When a major technology decision is made (e.g., ORM migration, database engine change), the following artifacts are produced. In practice the process is iterative, but the dependency direction is:
research → ADR → design doc → implementation plan → code → migration prompt
| Artifact | Path | Committed | Description |
|---|---|---|---|
| research | — | No | Technology investigation, constraint analysis, prototype validation. |
| ADR | docs/<version>/adr-NNN-<slug>[.lang].md |
Yes | Immutable decision records (Nygard format). What was chosen, what was rejected, and why. Must be self-contained. Once published, write a new ADR to supersede rather than editing. |
| design doc | docs/<version>/design[.lang].md |
Yes | Implementation specification.

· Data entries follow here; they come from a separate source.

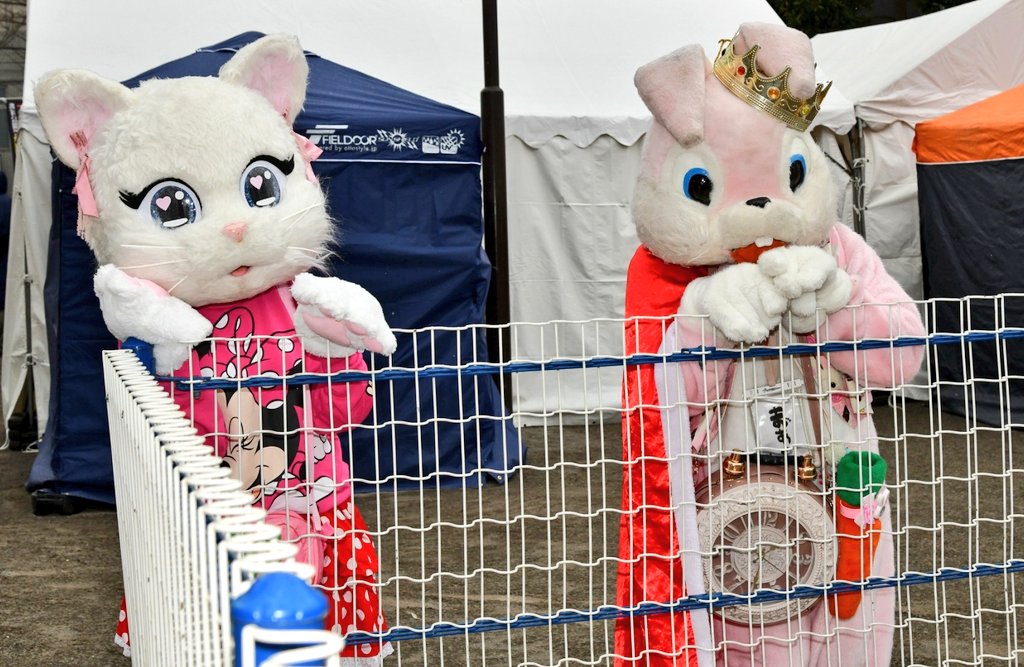 エンタメ創造サポーター【まあくんプロジェクト】(代表)マッキー tweet media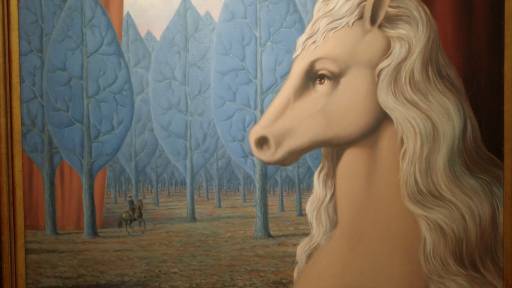 Solo per il piacere | dei nostri occhi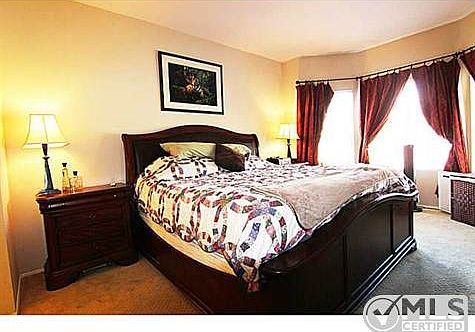 5th image of 2050 Camino De La Reina Unit 3217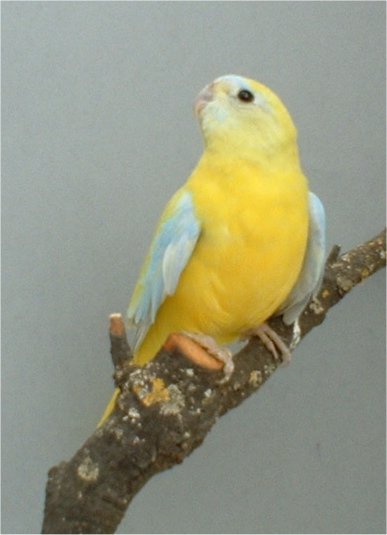 4-femelle turquoisine jaune.jpg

References ADRs for rationale; focuses on "how it works". |
| implementation plan | — | No | Task breakdown with ordering, dependencies, and verification criteria. Working document consumed during implementation and discarded after. |
| code | — | Yes | Implementation following the design doc. |
| migration prompt | docs/<version>/migration-prompt[.lang].md |
Yes | AI coding agent meta-prompt for migrating user codebases. Written last — requires knowledge that only emerges during implementation (e.g., VPC ENI cleanup timing, ESM module evaluation order). Not a step-by-step procedure for humans; the agent reads it, compares against the user's codebase, and builds a project-specific migration plan with phased execution and checkpoints to prevent data loss. |
To surface the migration guide in release notes, include a link in the BREAKING CHANGE: commit footer:
feat!: replace ORM from Prisma to Drizzle
BREAKING CHANGE: ORM has been replaced. See [migration guide](docs/v3.0.0/migration-prompt.ja.md) for details.
release-please will carry this into the Breaking Changes section of the GitHub Release.